DATASET CONTENT
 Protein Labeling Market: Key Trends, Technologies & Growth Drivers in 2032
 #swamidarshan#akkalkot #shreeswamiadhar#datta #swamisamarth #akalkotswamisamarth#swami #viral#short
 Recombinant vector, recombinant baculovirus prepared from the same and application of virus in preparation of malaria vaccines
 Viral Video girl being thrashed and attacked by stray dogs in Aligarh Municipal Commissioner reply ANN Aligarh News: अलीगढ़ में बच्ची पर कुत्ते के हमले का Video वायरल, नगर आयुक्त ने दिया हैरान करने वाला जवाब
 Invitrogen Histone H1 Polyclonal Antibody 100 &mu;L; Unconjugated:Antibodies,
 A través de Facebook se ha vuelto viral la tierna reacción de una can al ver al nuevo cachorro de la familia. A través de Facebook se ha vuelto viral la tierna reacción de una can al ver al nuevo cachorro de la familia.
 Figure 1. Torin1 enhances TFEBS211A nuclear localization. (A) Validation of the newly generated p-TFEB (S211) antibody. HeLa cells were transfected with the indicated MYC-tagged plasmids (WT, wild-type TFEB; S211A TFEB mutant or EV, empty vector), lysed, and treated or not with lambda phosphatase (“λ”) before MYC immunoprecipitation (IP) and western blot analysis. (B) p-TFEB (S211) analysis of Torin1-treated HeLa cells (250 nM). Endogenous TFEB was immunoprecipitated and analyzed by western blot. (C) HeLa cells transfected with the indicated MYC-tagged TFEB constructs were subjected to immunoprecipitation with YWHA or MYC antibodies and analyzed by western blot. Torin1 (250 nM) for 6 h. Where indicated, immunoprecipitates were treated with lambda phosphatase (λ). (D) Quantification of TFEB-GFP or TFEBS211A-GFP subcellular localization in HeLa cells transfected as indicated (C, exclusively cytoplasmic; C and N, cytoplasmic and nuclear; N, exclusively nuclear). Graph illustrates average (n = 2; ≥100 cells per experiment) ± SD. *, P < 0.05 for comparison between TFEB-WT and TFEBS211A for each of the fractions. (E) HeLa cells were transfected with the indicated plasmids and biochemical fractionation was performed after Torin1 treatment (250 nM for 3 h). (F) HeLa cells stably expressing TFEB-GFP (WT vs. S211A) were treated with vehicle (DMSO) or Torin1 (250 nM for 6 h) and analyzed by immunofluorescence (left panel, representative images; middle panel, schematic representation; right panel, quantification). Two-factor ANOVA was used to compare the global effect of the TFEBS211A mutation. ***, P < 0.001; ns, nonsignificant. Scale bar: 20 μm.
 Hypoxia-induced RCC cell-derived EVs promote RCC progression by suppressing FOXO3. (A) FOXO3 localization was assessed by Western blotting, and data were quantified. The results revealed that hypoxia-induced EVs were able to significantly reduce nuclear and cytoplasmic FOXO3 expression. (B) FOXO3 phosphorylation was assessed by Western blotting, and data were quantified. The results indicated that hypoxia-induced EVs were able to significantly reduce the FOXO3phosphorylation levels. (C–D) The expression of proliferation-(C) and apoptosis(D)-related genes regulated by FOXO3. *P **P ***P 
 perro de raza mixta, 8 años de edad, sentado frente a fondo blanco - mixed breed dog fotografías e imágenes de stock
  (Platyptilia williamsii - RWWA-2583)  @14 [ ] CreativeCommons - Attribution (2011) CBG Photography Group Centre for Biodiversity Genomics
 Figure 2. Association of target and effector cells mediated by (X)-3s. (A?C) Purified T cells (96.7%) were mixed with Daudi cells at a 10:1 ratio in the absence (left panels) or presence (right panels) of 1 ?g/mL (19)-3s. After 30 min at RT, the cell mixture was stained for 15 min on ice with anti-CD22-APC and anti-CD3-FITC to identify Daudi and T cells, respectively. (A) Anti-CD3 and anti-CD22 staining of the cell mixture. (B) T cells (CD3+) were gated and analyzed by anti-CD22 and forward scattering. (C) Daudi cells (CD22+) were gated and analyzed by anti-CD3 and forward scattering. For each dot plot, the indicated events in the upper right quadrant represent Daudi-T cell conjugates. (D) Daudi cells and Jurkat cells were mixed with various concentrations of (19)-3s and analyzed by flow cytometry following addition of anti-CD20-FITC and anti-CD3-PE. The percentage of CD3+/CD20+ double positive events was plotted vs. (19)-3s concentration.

THE TASK
Reproduce every record above, word for word.

COMPLETED TASK
 Protein Labeling Market: Key Trends, Technologies & Growth Drivers in 2032
 #swamidarshan#akkalkot #shreeswamiadhar#datta #swamisamarth #akalkotswamisamarth#swami #viral#short
 Recombinant vector, recombinant baculovirus prepared from the same and application of virus in preparation of malaria vaccines
 Viral Video girl being thrashed and attacked by stray dogs in Aligarh Municipal Commissioner reply ANN Aligarh News: अलीगढ़ में बच्ची पर कुत्ते के हमले का Video वायरल, नगर आयुक्त ने दिया हैरान करने वाला जवाब
 Invitrogen Histone H1 Polyclonal Antibody 100 &mu;L; Unconjugated:Antibodies,
 A través de Facebook se ha vuelto viral la tierna reacción de una can al ver al nuevo cachorro de la familia. A través de Facebook se ha vuelto viral la tierna reacción de una can al ver al nuevo cachorro de la familia.
 Figure 1. Torin1 enhances TFEBS211A nuclear localization. (A) Validation of the newly generated p-TFEB (S211) antibody. HeLa cells were transfected with the indicated MYC-tagged plasmids (WT, wild-type TFEB; S211A TFEB mutant or EV, empty vector), lysed, and treated or not with lambda phosphatase (“λ”) before MYC immunoprecipitation (IP) and western blot analysis. (B) p-TFEB (S211) analysis of Torin1-treated HeLa cells (250 nM). Endogenous TFEB was immunoprecipitated and analyzed by western blot. (C) HeLa cells transfected with the indicated MYC-tagged TFEB constructs were subjected to immunoprecipitation with YWHA or MYC antibodies and analyzed by western blot. Torin1 (250 nM) for 6 h. Where indicated, immunoprecipitates were treated with lambda phosphatase (λ). (D) Quantification of TFEB-GFP or TFEBS211A-GFP subcellular localization in HeLa cells transfected as indicated (C, exclusively cytoplasmic; C and N, cytoplasmic and nuclear; N, exclusively nuclear). Graph illustrates average (n = 2; ≥100 cells per experiment) ± SD. *, P < 0.05 for comparison between TFEB-WT and TFEBS211A for each of the fractions. (E) HeLa cells were transfected with the indicated plasmids and biochemical fractionation was performed after Torin1 treatment (250 nM for 3 h). (F) HeLa cells stably expressing TFEB-GFP (WT vs. S211A) were treated with vehicle (DMSO) or Torin1 (250 nM for 6 h) and analyzed by immunofluorescence (left panel, representative images; middle panel, schematic representation; right panel, quantification). Two-factor ANOVA was used to compare the global effect of the TFEBS211A mutation. ***, P < 0.001; ns, nonsignificant. Scale bar: 20 μm.
 Hypoxia-induced RCC cell-derived EVs promote RCC progression by suppressing FOXO3. (A) FOXO3 localization was assessed by Western blotting, and data were quantified. The results revealed that hypoxia-induced EVs were able to significantly reduce nuclear and cytoplasmic FOXO3 expression. (B) FOXO3 phosphorylation was assessed by Western blotting, and data were quantified. The results indicated that hypoxia-induced EVs were able to significantly reduce the FOXO3phosphorylation levels. (C–D) The expression of proliferation-(C) and apoptosis(D)-related genes regulated by FOXO3. *P **P ***P 
 perro de raza mixta, 8 años de edad, sentado frente a fondo blanco - mixed breed dog fotografías e imágenes de stock
  (Platyptilia williamsii - RWWA-2583)  @14 [ ] CreativeCommons - Attribution (2011) CBG Photography Group Centre for Biodiversity Genomics
 Figure 2. Association of target and effector cells mediated by (X)-3s. (A?C) Purified T cells (96.7%) were mixed with Daudi cells at a 10:1 ratio in the absence (left panels) or presence (right panels) of 1 ?g/mL (19)-3s. After 30 min at RT, the cell mixture was stained for 15 min on ice with anti-CD22-APC and anti-CD3-FITC to identify Daudi and T cells, respectively. (A) Anti-CD3 and anti-CD22 staining of the cell mixture. (B) T cells (CD3+) were gated and analyzed by anti-CD22 and forward scattering. (C) Daudi cells (CD22+) were gated and analyzed by anti-CD3 and forward scattering. For each dot plot, the indicated events in the upper right quadrant represent Daudi-T cell conjugates. (D) Daudi cells and Jurkat cells were mixed with various concentrations of (19)-3s and analyzed by flow cytometry following addition of anti-CD20-FITC and anti-CD3-PE. The percentage of CD3+/CD20+ double positive events was plotted vs. (19)-3s concentration.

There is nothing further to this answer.